(Exercise data):
▼▼▼
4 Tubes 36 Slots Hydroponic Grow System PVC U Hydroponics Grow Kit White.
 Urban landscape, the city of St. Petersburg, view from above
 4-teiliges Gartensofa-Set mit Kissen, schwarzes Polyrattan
▲▲▲
Put down all the data once more, exactly as it appears above.

(The answer):
4 Tubes 36 Slots Hydroponic Grow System PVC U Hydroponics Grow Kit White.
 Urban landscape, the city of St. Petersburg, view from above
 4-teiliges Gartensofa-Set mit Kissen, schwarzes Polyrattan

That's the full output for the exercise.